Namun demikian, saham berharga rendah di lapis tiga bisa saja meninggi dalam jangka waktu panjang apabila perusahaan berhasil berkembang hingga membuahkan kinerja prima yang konsisten. Di masa-masa awal, mereka bahkan tak membagikan dividen demi memusatkan sumber daya untuk mengembangkan perusahaan, tetapi kemudian bisa menjadi perusahaan bereputasi baik dengan saham yang disukai pasar.
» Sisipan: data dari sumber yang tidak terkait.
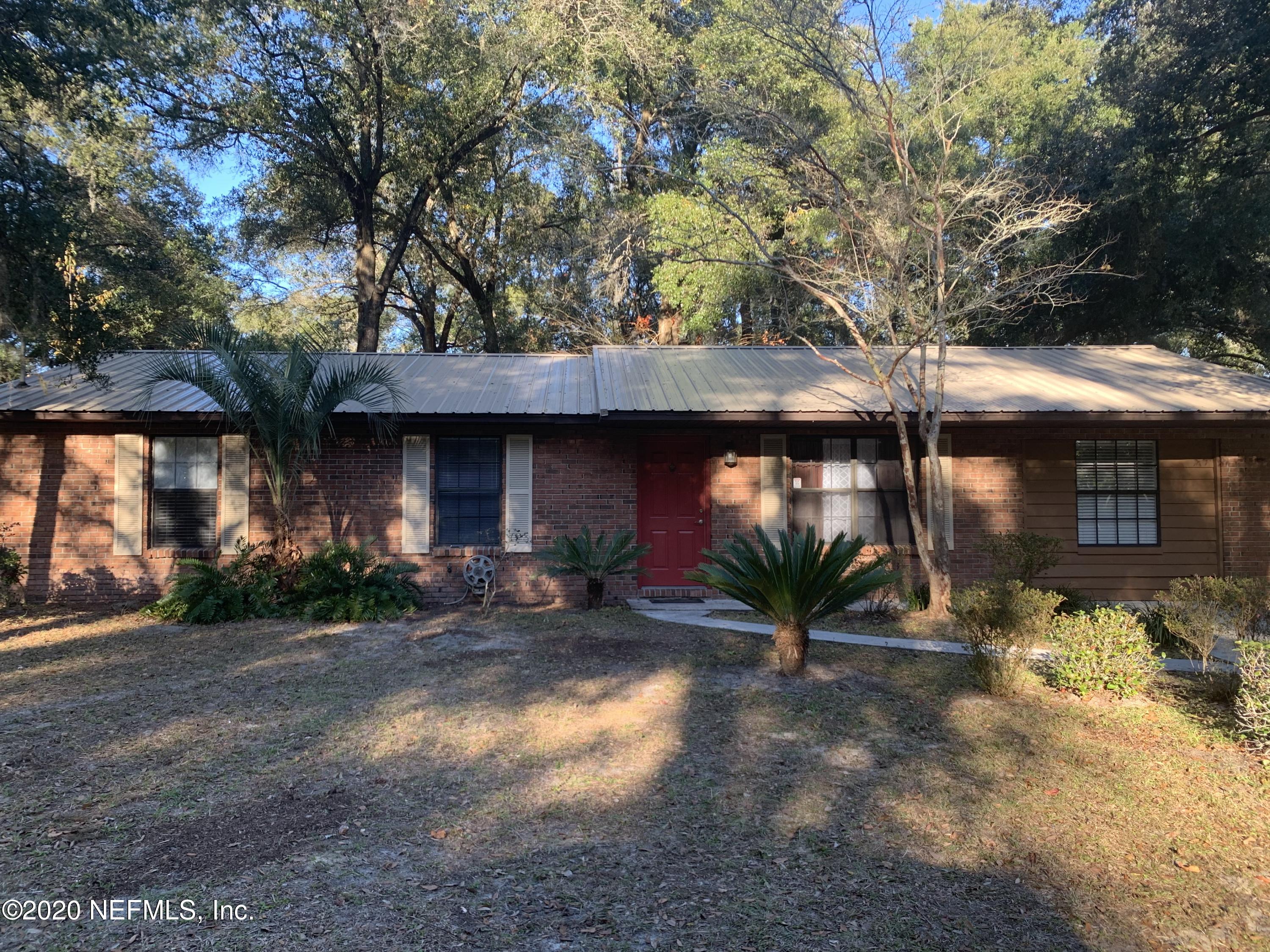 420 Southwest Naha Street Keystone Heights, FL 32656 - Photo 1 of 29 a front view of a house with yard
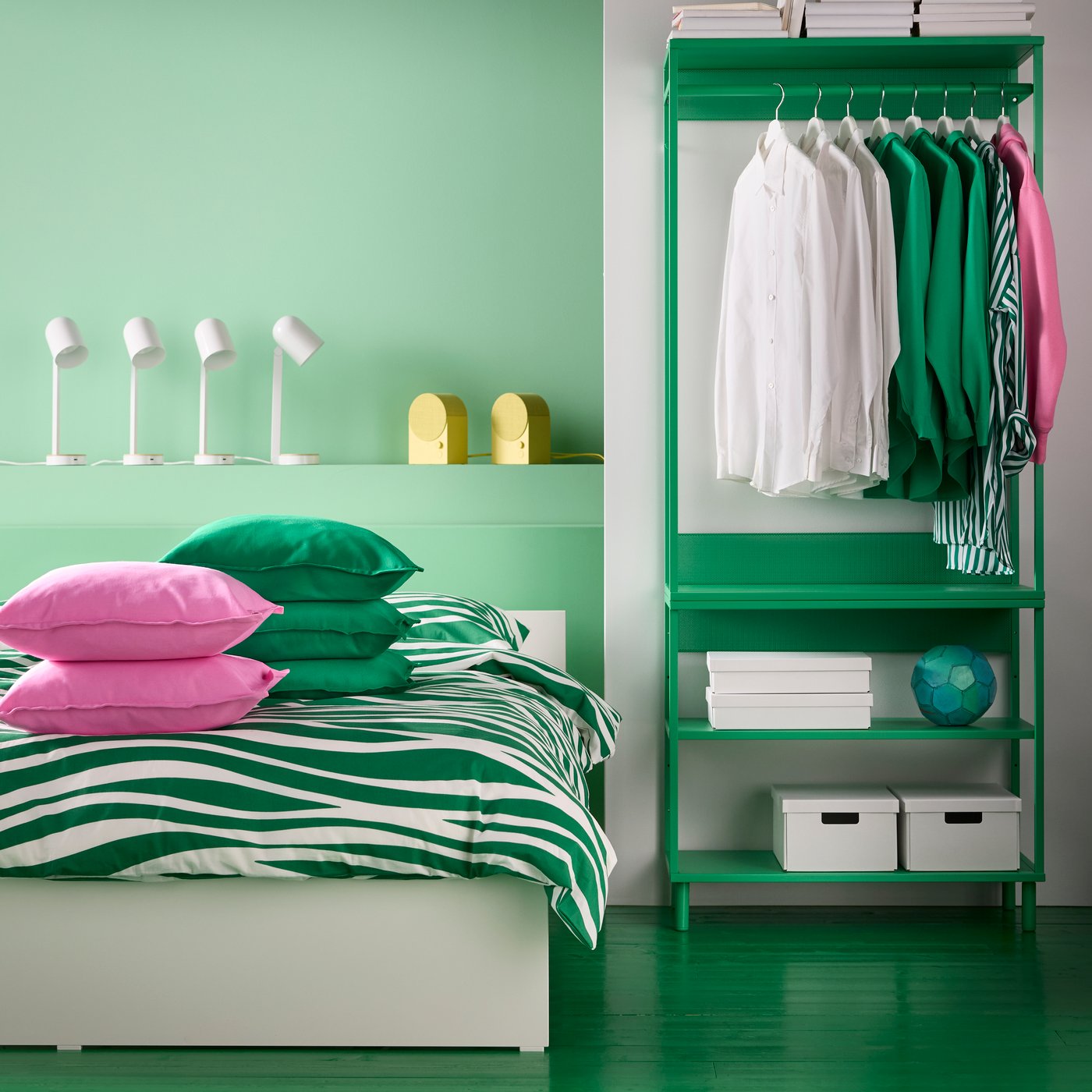 A green PLATSA open shelving unit is placed next to a bed. Bluetooth speakers and desk lamps sit on a niche behind the bed.
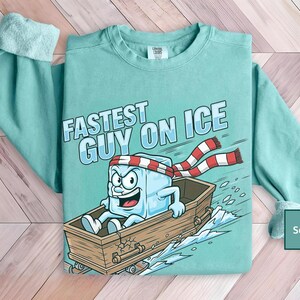 May include: Seafoam green sweatshirt featuring the text "Fastest Guy on Ice" and a cartoon ice cube character in a wooden boat. The ice cube wears a red and white striped scarf and headband. The sweatshirt has long sleeves.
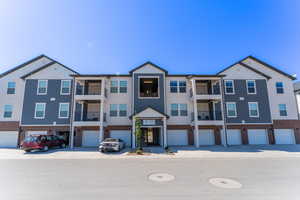 Multi unit property with board and batten siding, an attached garage, and brick siding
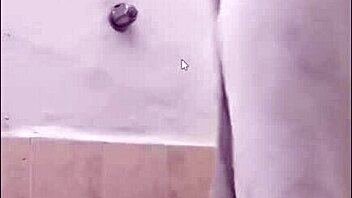 Taking a shower while masturbating in the bathroom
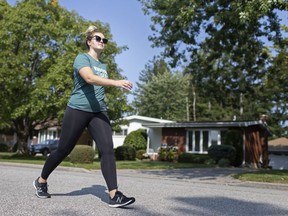 Jory Fulcher, a masters student in human kinetics at the University of Windsor, walks down her street in South Windsor, Thursday, September 25, 2020.  Fulcher uses a Fitbit to track her walking for a University of Windsor study on walking during the pandemic.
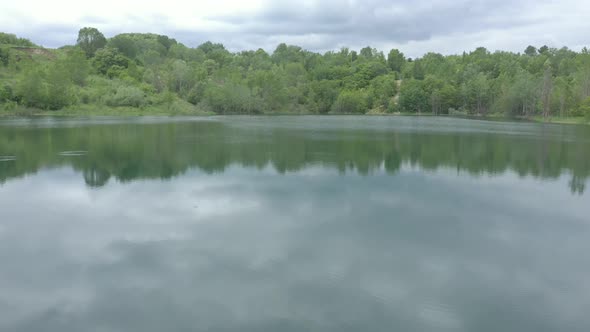 Beautiful color of lake water and coastal area vegetation 4K drone video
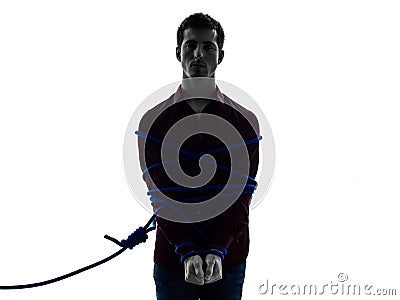 One man trapped catched lasso prisoner silhouette Stock Photo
Ada investor membatasi pilihannya pada salah satu kategori saham saja, seperti hanya akan memperjualbelikan Saham Lapis Dua. Akan tetapi, ada juga investor yang sengaja meragamkan portofolio untuk mencakup ketiga jenis sekaligus dalam satu waktu. Apapun pilihan Anda, satu hal yang perlu diwaspadai adalah jangan sampai terjebak goreng-gorengan Saham Lapis Tiga. Tak sedikit pemula nyaris bangkrut karena keliru membeli Saham Lapis Tiga yang tengah digoreng bandar.